Charity leaders should create a “narrative of hope” as part of their work with vulnerable people, according to Ndidi Okezie, the chief executive of UK Youth.
Ozekie was speaking online last Friday, on the final day of the Charity Finance Group conference.
Speaking on the same panel, NCVO boss Karl Wilding warned that funders would not be able to fill the financial gap in the sector created by the pandemic, and said that charities will need to explore “different operating models” as part of future plans.
An end to doom-and-gloom
Ozekie told the event that the young people helped by her charity “are listening to everything that is said about them in the media, and even by us as those advocating on their behalf.
“We have to be careful that we are not purely speaking negative doom-and-gloom.

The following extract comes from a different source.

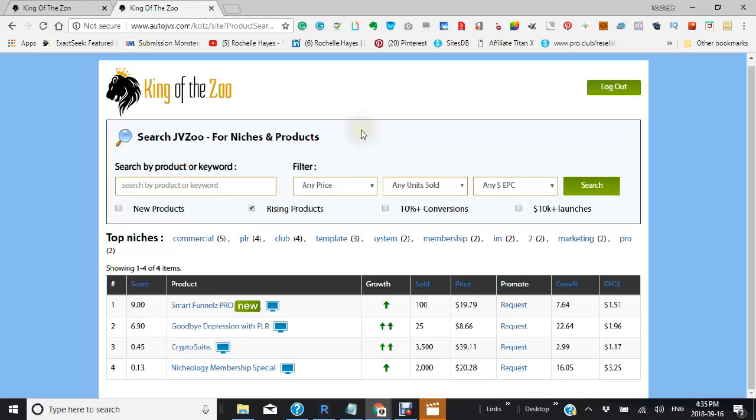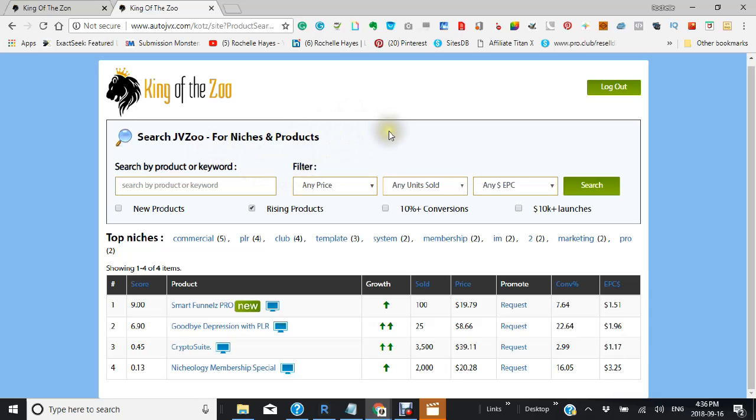This is King of the Zoo, and it's just like it says - it will give you all the information for finding profitable JVZoo affiliate programs to promote. If you like saving time, then this would be a very good software for you.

“Just as it is important to clarify the issues and the challenge, we have to hold on to a narrative of hope, and [make it clear] that there has to be solutions and opportunities for young people.
“One of the things that really struck me was that earlier on in the year we started this ‘lost generation’ chat. That really bugged me because they have not gone anywhere.”
Hope is hard
Answering questions from the digital audience, Ozekie said: “It is really hard, sometimes, to sound hopeful when you feel battered, and there’s an onslaught of things barraging down on you.”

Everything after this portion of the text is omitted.